I have been in Rwanda for one week already…only five more weeks before Namibia! So far, it has been absolutely wonderful – the people, climate, scenery, everything. I was really unsure of what I was getting myself into with this trip and these projects, but so far so good.
Originally, I was only coming to Rwanda for two weeks to collect data for my thesis project. Of course, this spiraled into six weeks and another project. I’ll explain the new project first.
SC Johnson has a large emphasis on being a sustainable company, from their products, supply chain, and offices. With this, they have been involved with using pyrethrum as a home goods insecticide. (I won’t bore you with more details on py, SCJ etc right now!) The Borlaug Institute at Texas A&M University has also been involved with the py projects in Rwanda, hence how I got involved with this.
Getting back on track now…. SCJ and Borlaug came here to hold a conference on how to incorporate sustainable practices into businesses and agriculture.
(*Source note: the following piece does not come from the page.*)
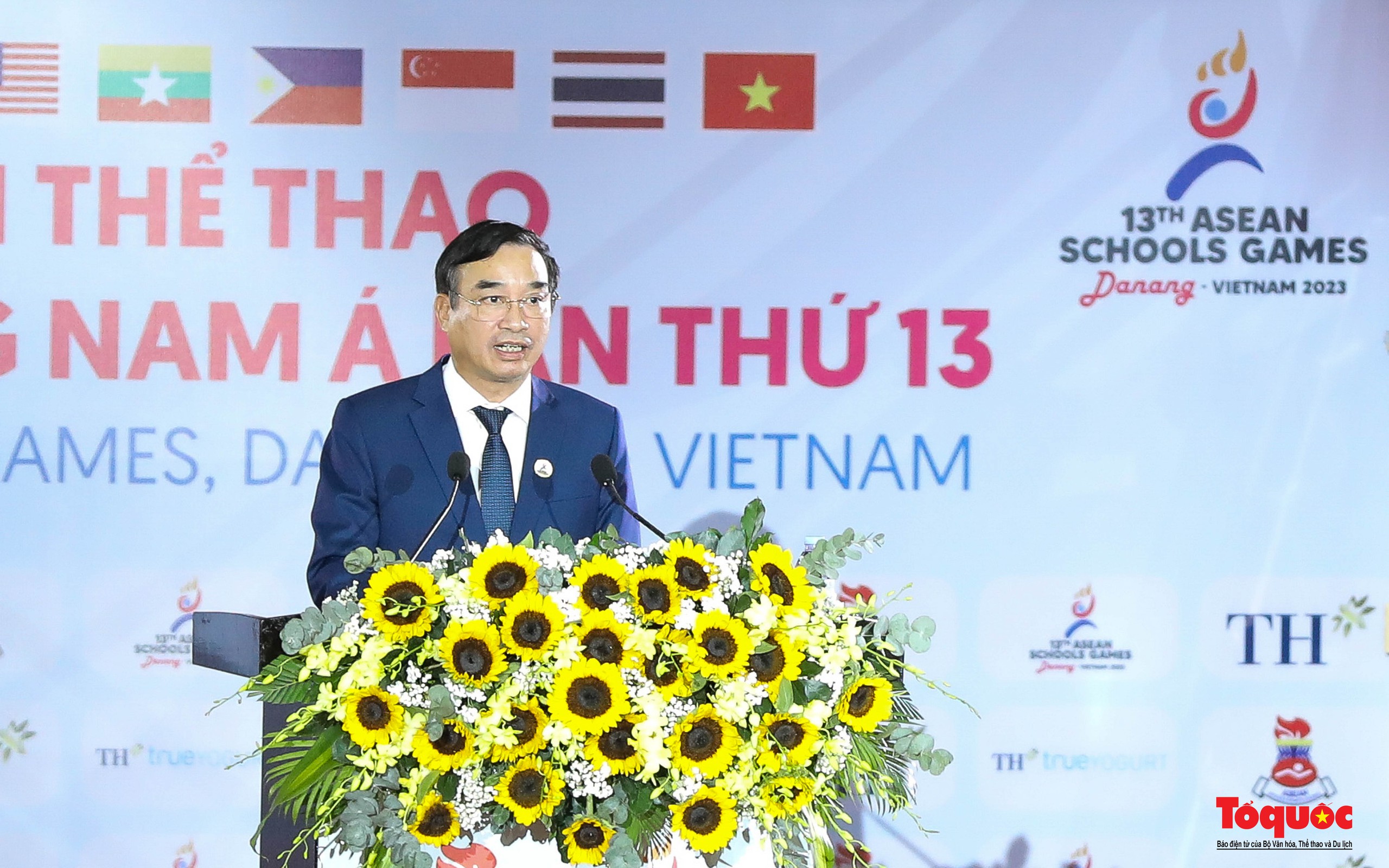 Khai mạc Đại hội Thể thao học sinh Đông Nam Á lần thứ 13: Kết nối cùng tỏa sáng - Ảnh 3.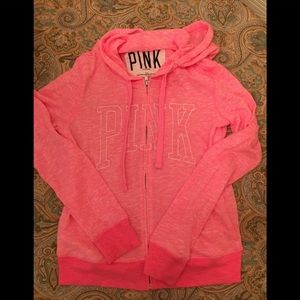 Pink Victoria secret hoodie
This conference was designed for people working in pyrethrum, coffee, tea, cassava etc. Most of them were at the manager level or higher and well-educated. (Note: I did not design the conference, just observing, writing a case study and handling the follow-up.) It was a great group of people, from the trainers, coordinators and participants.
I spent my first week in Rwanda with this project. We flew into the capital city of Kigali, worked for two days there and then traveled to Gisenyi for the rest of the conference. So just under a week for the whole conference.
The conference was definitely successful! Everyone participated, learned something and had a good time. We even had a party where we learned how to do some African dancing (very Caribbean-style music and everyone dances in a big circle). But one of my favorite parts was our visit to a working coffee mill.
We learned the entire process. Just a quick overview: pick the coffee cherries, sorting the good cherries from the bad (bad cherries = Folgers! lol), wet milling involving lots of water, dry milling etc. It is a very interesting and intensive process. I’ll probably write more about coffee later… But have a greater appreciation for your morning cup of coffee!
I’m very thankful for the opportunity I had to be a part of this event. I was awed by how passionate the participants were about their businesses and the best practices necessary. They were engaged, critical thinkers and had the desire to learn more.
It was a fantastic first week and I am even more excited for the rest of my stay in Rwanda now.